This SO Q&A provides some guru-level bit fiddles to sum two “packed” BCD values.

Extending those to use uint64_t variables, two 16 digit (decimal) values can be summed and easily output.

(That’s up to $99,999,999,999,999.99 for fixed-point currency calcs.)

With its carry-in and carry-out, stacking several BCD ‘buffers’ means the sky’s the limit for values used.

This Code Review question introduces some activities using Fibonacci numbers (integers).

Using the efficient BCD summing provided by the SO Q&A, one can generate an appreciable number of Fibonacci numbers up to 16 digits long. Using binary, a "%lld with an ordinary uint64_t and built in summing, a program can almost touch ULONGLONG_MAX before topping out. (Some with exceptional hardware might even reach higher with uint128_t.) ‘Stacking’ (or ‘concatenating’) several BCD buffers exceeds even those finite ceilings.

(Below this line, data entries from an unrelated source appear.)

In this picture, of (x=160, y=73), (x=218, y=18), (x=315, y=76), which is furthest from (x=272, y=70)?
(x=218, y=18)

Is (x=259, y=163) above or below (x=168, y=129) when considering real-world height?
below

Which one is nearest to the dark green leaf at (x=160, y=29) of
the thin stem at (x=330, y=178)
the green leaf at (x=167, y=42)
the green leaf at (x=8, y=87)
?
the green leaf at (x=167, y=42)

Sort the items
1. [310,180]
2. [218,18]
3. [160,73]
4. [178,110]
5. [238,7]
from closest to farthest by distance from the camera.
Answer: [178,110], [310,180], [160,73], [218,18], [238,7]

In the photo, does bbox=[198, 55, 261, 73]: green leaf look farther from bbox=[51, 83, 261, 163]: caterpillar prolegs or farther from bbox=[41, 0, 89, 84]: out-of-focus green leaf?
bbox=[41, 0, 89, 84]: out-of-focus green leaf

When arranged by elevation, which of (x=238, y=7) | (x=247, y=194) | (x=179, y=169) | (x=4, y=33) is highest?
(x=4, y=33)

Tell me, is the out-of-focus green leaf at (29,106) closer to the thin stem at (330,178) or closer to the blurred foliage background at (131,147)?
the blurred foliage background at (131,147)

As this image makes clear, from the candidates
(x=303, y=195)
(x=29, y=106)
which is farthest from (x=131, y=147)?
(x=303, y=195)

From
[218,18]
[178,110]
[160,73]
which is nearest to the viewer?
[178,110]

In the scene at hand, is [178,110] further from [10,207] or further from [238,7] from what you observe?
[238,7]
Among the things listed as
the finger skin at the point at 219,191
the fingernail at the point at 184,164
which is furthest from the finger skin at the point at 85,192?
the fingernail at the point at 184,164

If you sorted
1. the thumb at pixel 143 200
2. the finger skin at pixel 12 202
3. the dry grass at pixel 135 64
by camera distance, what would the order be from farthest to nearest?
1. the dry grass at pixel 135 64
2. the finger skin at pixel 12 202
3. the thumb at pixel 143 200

And, there are libraries available that efficiently deal with unbounded numbers…

But where’s the fun in that?

This afternoon, I sat down and hacked a skeletal BCD subtraction routine involving some operations and what feels like too much looping as it deals, right-to-left, with each pairs of digits.
The reference materials I could find (involving “nine’s complement”) all indicated that each digit of the result (the difference) must be examined and possibly tweaked. I chose to go the simple route of both subtracting AND tweaking in one pass as the resulting value (and “borrow out”) is assembled.

#include <stdio.h>
#include <stdint.h>

uint16_t sub( uint16_t m, uint16_t n, uint16_t *boro ) { // m - n - boro => res
    uint16_t res = 0;

    for( int i = 0; i < 16; i += 4, m >>= 4, n >>= 4 ) {
        int dif = (m&0xf) - (n&0xf) - *boro; // diff these two dgts (and boro)
        *boro = dif < 0; // negative? need to borrow?
        dif += "12"[*boro]; // +0 or +10
        res |= dif << i; // poke hex dgt into position
    }

    return res;
}

typedef union {
    uint32_t x32;
    uint16_t x16[2];
} hval;

int main( void ) {
    hval m; m.x32 = 0x37130048; // minuend
    hval n; n.x32 = 0x04540049; // subtrahend (always smaller value)
    hval r; // difference

    uint16_t boro = 0;
    r.x16[0] = sub( m.x16[0], n.x16[0], &boro ); // lo 4 digits (with borrow in/out)
    r.x16[1] = sub( m.x16[1], n.x16[1], &boro ); // hi 4 digits (with borrow in/out)

    printf( "%x - %x = %xn", m.x32, n.x32, r.x32 );
}

Output

37130048 - 4540049 = 32589999

This code works as well as it does.

The business with the union is a simple case study that I’d like to eventually expand to be arrays of ‘n’ 16 digit BCD values (currently working up to the 308th Fibonacci number with its 64 digits of length).

...
3987795824799770715342824788687062628452272409956636682999616408  #307
6452389184720949856740872794933738025334109298792472139250504213  #308

Subtraction of massive numbers is a necessary operation for finding the Zeckendorf Sequence of any single massive number, thus this developmental bit of coding BCD subtraction.

Objective

I am hoping that someone may be able provide a much more efficient way (a ‘bit hack’ solution) to subtract one smaller, multi-segment, packed BCD value from a larger value. Not concerned about differences less than zero (negative results) at this time.

PS: the literature mentions some hardware provides BCD opcodes (built into the silicon).

I’m interested in an algorithmic software solution; not buying a VAX to fulfill this hobby project.